START Exercise input

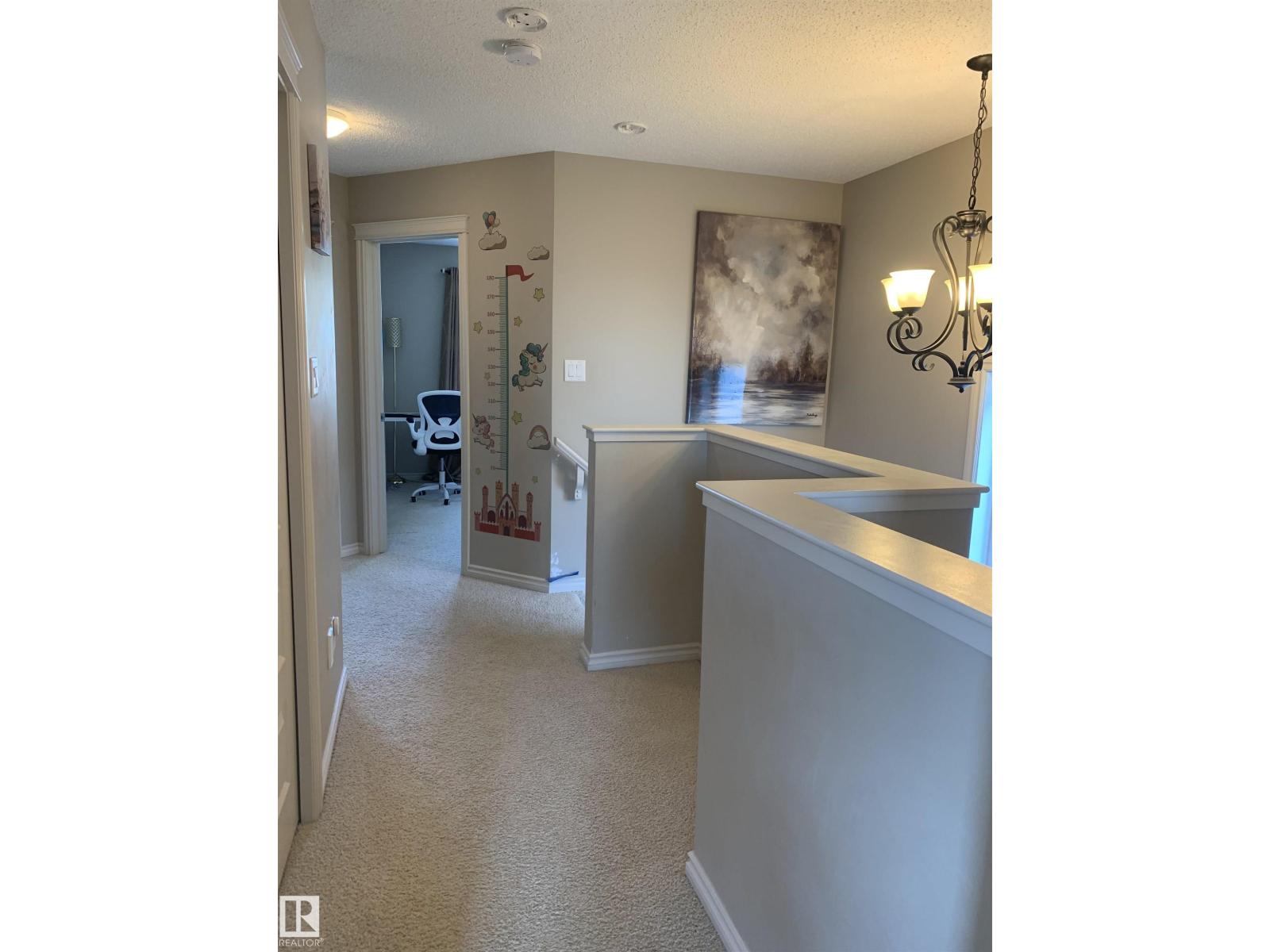 Photo 17 of 7663 Schmid Cr Nw Nw, Edmonton AB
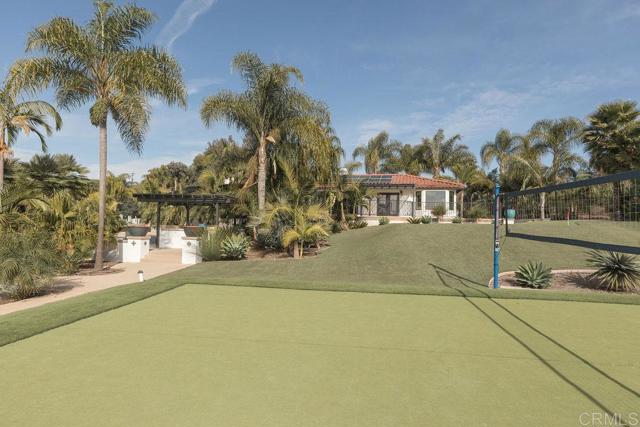 Image 51 of 72 For 2140 Warmlands Avenue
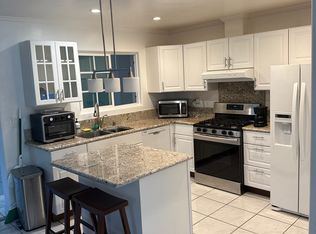 1965 Galvez Ct #1, San Diego, CA 92154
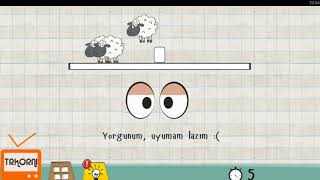 Marlo ile Logic Master Mind Twist Oynuyoruz | Bölüm #172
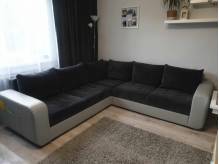 ox_naroznik-milo-maxi-rozkladany-agata-meble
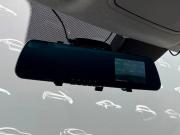 Hyundai Creta I Санкт-Петербург  - изображение 44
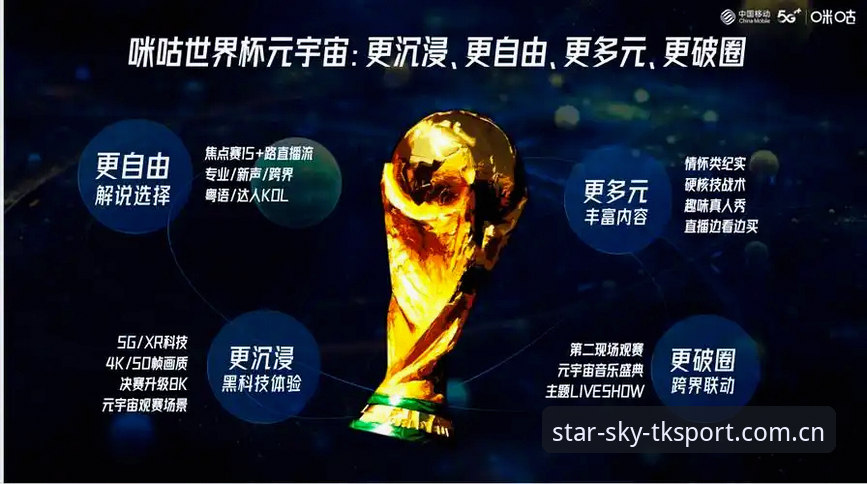 星空体育最新版本必备 5个立即升级星空体育最新版本必备的核心理由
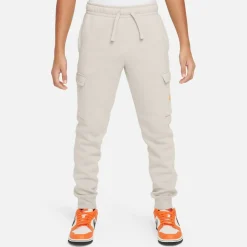 Sportswear trainingsbroek
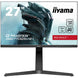 IIYAMA Monitor LED GB2770QSU-B6 27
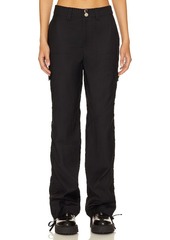 superdown Raina Cargo Pant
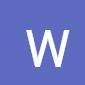 Wayse Choudhury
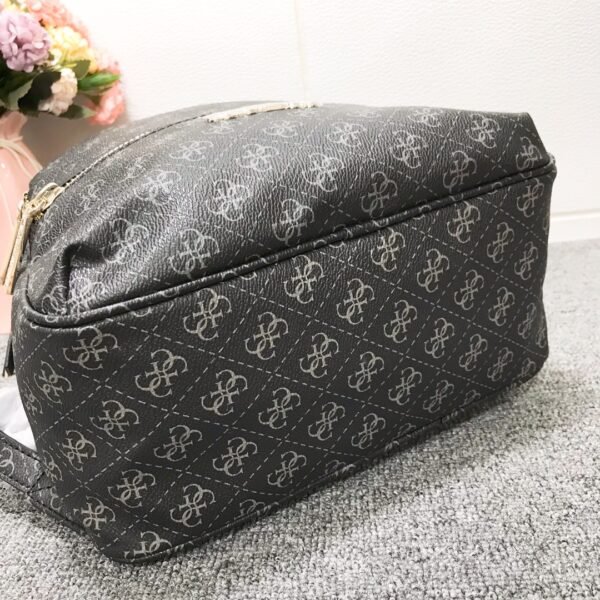 Guess bag VS699432 29×12.5×33cm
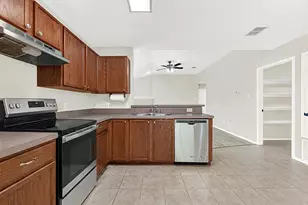 523 Robinwood Rd, Wylie, TX 75098 - Photo 11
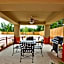 MainStay Suites Denham Springs - Baton Rouge East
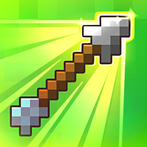 Ms archer: idle tower defense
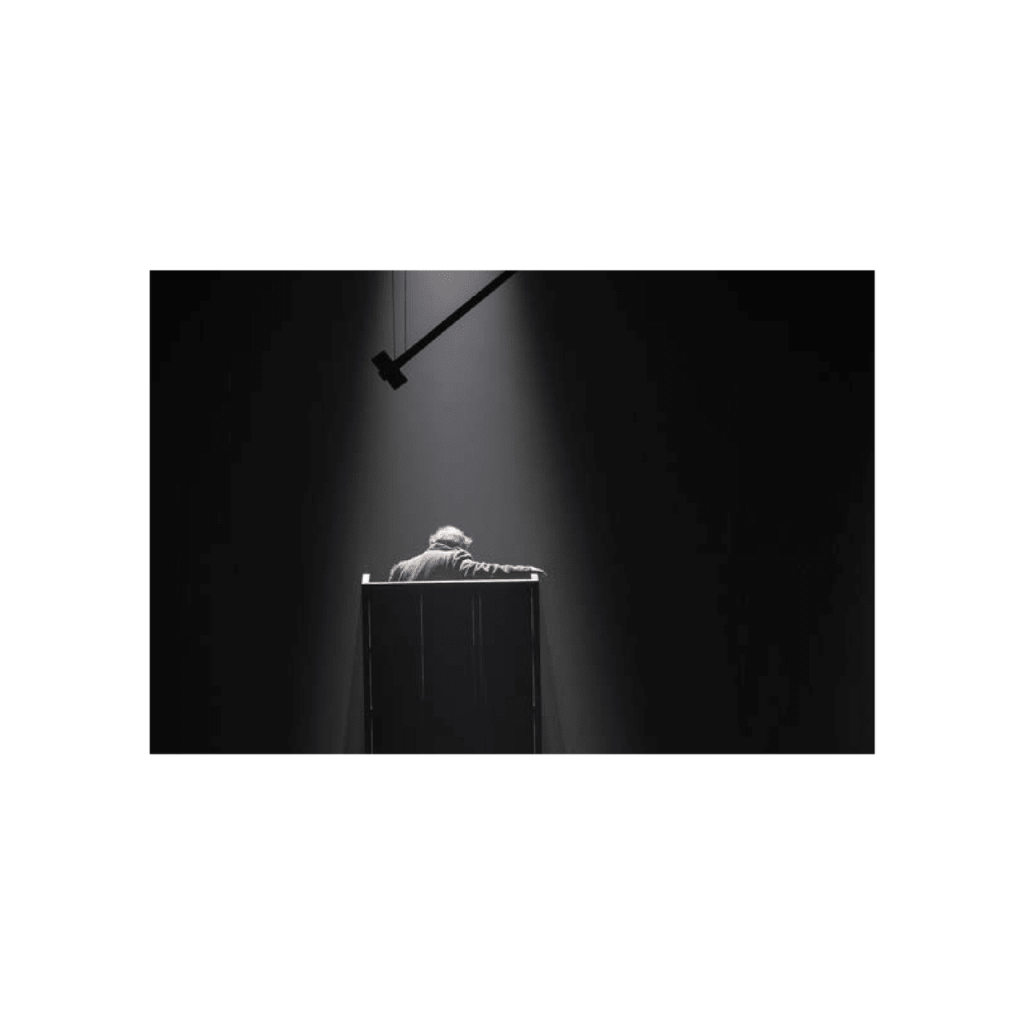 Obra de Andrea Cristina Menegon Youssef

END Exercise input

[Exercise aim]: Set down, exactly as written, each line from the one that contains "Guess bag VS699432 29×12.5×33cm" to the last line of the records, but none of the pictures.

[Your response]:
 Guess bag VS699432 29×12.5×33cm
 523 Robinwood Rd, Wylie, TX 75098 - Photo 11
 MainStay Suites Denham Springs - Baton Rouge East
 Ms archer: idle tower defense
 Obra de Andrea Cristina Menegon Youssef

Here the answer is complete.